Until 2022 (and one should note in particular that the Jess Phillips comment was in 2020), there was no no-fault divorce, and it was not clear whether “refusal to either consent or annul the marriage on application after an IGRC has been issued” constituted unreasonable behaviour, in which case five years’ separation without consent would be required for a divorce.
While this isn’t a perpetual veto, a five-year veto is very considerable, the ability of a spouse to keep a partner in a marriage against their consent for a long period of time has clear potential for abuse – as indeed this article correctly points out in the reverse case.
Now that we have no-fault divorce, it is worth asking whether applying for such would be faster from the point of view of the applicant than the IGRC/annulment procedure, in cases where they know that their spouse has no intention of consenting to continue the marriage.

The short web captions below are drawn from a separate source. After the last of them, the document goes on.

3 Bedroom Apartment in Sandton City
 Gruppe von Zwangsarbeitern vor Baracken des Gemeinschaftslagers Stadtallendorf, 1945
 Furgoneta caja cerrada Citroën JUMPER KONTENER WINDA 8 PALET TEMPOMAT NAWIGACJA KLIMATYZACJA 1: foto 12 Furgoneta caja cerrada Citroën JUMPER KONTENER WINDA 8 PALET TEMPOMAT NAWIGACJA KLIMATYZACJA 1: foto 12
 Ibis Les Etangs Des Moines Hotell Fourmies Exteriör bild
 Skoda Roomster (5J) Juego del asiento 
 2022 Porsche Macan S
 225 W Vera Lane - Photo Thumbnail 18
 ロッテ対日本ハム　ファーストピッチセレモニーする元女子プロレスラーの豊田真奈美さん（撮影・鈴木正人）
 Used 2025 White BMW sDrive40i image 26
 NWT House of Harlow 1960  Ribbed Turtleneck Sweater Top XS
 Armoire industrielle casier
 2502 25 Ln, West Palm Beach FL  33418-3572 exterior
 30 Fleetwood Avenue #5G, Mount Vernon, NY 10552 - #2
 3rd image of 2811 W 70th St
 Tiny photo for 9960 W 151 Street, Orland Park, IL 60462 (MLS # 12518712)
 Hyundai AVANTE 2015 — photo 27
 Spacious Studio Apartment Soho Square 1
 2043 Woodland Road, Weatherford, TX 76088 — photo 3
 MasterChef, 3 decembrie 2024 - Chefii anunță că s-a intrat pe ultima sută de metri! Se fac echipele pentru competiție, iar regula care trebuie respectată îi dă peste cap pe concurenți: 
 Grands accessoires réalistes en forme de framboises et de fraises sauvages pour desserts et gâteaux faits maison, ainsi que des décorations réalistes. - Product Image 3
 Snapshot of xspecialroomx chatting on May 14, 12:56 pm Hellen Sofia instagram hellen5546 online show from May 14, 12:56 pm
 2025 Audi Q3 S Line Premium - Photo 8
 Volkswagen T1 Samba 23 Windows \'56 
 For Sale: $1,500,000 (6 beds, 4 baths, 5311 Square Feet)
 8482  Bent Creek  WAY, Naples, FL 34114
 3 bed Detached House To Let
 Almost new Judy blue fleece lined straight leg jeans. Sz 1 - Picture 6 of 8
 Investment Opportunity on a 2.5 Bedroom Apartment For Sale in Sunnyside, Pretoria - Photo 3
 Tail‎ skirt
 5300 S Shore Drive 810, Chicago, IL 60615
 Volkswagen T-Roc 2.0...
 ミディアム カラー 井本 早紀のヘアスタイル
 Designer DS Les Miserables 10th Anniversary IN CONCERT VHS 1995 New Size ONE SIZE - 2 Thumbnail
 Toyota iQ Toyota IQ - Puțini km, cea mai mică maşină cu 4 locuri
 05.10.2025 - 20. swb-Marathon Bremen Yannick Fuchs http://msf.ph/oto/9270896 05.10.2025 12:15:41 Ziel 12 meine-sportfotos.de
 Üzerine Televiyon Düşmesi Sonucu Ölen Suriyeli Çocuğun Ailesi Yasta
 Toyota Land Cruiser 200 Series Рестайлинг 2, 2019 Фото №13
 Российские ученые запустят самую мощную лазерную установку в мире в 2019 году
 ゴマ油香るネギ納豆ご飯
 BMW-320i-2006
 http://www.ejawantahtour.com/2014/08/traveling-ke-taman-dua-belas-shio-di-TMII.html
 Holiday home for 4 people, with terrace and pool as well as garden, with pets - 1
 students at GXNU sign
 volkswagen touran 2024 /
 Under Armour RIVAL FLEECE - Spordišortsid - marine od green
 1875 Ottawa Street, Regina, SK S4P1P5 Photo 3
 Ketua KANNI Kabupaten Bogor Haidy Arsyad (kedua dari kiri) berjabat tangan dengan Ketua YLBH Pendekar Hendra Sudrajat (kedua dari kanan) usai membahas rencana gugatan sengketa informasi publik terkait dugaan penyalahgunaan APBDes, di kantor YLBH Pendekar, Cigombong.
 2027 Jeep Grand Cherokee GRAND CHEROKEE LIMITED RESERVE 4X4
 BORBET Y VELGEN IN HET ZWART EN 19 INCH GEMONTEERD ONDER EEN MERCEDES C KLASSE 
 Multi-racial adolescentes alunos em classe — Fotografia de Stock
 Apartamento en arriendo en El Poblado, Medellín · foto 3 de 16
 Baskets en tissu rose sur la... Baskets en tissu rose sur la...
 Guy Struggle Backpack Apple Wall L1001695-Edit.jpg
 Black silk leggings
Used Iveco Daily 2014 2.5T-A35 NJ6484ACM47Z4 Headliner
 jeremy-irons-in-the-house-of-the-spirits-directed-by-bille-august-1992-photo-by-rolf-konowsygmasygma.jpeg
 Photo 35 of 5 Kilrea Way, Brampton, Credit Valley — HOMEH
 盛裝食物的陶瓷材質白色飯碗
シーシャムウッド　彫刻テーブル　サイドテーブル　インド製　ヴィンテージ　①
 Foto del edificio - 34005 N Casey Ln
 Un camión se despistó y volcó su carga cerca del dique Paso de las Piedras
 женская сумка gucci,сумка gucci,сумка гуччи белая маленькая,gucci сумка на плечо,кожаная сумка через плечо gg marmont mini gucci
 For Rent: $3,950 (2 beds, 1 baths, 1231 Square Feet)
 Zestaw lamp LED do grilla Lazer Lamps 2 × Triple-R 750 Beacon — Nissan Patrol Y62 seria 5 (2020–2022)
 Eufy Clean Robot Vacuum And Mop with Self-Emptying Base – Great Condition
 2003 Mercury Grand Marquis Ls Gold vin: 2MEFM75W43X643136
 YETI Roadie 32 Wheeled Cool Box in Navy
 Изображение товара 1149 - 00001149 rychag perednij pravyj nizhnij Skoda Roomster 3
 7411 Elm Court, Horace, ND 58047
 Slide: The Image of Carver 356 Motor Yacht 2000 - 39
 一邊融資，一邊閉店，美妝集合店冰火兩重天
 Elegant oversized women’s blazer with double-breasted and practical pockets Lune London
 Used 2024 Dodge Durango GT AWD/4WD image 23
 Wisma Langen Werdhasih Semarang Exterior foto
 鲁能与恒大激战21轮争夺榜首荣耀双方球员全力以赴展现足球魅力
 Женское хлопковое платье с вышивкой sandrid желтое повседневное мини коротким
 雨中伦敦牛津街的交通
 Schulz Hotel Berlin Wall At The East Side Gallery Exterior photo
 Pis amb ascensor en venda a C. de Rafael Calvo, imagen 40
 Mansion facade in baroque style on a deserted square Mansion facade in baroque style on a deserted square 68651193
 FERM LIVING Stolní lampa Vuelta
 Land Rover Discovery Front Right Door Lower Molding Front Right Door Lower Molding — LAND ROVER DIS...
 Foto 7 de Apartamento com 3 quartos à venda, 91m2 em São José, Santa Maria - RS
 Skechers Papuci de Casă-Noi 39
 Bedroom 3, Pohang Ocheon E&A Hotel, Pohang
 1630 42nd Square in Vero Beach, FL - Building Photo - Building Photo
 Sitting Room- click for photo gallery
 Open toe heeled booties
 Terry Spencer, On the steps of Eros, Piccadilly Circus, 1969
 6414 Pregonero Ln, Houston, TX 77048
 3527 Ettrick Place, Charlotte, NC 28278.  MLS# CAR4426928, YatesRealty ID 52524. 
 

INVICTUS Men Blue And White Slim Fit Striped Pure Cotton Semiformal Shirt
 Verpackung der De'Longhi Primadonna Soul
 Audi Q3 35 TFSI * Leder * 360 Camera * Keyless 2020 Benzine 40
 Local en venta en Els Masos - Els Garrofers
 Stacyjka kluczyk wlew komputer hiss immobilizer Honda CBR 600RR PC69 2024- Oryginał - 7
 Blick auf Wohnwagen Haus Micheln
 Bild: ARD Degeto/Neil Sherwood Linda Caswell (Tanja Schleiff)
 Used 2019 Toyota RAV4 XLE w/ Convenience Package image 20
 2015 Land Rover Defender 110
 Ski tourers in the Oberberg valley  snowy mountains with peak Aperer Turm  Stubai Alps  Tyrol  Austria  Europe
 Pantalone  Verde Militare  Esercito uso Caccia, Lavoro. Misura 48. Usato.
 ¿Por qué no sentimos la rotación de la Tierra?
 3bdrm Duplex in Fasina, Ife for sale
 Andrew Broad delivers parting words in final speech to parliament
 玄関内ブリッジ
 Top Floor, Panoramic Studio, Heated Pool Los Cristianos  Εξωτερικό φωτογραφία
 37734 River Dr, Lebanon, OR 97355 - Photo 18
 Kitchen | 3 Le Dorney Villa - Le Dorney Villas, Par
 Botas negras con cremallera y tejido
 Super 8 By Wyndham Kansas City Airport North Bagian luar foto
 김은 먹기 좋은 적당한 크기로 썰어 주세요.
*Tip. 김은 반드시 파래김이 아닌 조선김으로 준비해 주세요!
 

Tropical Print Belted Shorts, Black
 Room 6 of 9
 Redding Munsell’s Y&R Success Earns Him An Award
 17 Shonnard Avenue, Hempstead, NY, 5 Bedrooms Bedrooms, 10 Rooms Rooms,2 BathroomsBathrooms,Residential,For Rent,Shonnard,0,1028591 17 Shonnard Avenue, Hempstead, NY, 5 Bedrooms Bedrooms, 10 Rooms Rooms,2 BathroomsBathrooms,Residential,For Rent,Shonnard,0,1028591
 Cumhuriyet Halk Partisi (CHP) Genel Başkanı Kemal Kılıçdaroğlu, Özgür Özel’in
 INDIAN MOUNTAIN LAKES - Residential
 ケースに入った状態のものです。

One straightforward legal approach here would be that once presented with the IGRC, the non-transitioning spouse would have the six months to either consent or annul, and if they failed to do so, then it would be treated as an annulment and the GRC would be issued. The alternative possible approach would be to make transition grounds for annulment if the annulment is applied for within six months of the grant of the GRC, and to require a spouse to be notified of any GRC application.
There is a convention that manifesto proposals do not spell out legal details precisely. This is because the civil service and government lawyers will draft the actual text of a Bill, and being tied to a commitment made in a manifesto by politicians who are not legally expert would just result in bad laws being passed. The objective of the Liberal Democrat policy is clear: that a married person can transition without the ability of a spouse to excessively delay that process by refusing consent but also refusing to end the marriage.
At the moment, if there is no action on the IGRC, then that application has been blocked by the spouse (which is why it’s referred to as a “spousal veto”) and the transitioning partner has to reapply after divorce. The fact that a second application can be later accepted does not mean that the first application has not been denied.